Source records —
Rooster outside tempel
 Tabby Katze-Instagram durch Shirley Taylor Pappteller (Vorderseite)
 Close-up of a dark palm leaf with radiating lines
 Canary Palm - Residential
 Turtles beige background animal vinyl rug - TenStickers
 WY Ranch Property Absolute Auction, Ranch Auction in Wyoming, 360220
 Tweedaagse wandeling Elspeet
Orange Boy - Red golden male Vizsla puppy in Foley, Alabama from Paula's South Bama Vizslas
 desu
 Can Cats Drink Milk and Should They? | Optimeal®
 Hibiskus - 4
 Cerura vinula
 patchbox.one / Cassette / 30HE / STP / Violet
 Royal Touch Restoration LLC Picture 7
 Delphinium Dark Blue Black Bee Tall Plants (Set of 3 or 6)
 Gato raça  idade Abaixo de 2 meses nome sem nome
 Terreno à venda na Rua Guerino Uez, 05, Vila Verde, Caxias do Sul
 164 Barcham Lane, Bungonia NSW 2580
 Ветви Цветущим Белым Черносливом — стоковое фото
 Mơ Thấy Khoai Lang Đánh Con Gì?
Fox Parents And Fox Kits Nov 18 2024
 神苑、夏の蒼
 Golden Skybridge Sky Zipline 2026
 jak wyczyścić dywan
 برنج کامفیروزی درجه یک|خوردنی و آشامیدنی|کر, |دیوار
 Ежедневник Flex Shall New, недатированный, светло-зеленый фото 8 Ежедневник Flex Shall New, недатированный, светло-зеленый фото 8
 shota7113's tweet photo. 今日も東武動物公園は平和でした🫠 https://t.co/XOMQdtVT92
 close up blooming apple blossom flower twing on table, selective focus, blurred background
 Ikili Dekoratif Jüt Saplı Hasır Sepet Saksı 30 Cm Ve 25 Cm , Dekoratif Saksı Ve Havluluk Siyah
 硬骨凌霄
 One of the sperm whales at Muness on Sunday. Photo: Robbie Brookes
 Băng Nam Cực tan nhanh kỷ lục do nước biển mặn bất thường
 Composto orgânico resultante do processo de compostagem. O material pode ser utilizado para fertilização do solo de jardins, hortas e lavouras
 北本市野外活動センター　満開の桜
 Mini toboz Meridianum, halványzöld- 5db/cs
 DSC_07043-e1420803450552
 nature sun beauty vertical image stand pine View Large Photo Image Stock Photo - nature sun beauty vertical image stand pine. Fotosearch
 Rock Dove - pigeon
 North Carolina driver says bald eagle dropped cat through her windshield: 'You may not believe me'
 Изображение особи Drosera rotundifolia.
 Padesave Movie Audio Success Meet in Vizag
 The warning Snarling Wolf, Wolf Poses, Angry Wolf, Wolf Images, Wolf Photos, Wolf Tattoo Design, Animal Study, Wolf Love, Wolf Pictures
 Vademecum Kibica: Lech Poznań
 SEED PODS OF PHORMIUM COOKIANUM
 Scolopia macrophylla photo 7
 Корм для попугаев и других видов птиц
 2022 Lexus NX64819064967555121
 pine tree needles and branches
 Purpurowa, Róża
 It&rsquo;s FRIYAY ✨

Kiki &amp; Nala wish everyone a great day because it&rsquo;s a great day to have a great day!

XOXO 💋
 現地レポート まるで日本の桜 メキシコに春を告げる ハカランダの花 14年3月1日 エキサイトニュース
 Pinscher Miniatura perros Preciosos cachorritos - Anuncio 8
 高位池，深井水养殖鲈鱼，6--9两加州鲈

Activity —
Within the listing above, count the lines that contain the string "rsquo". Give only the number.

Exercise response —
2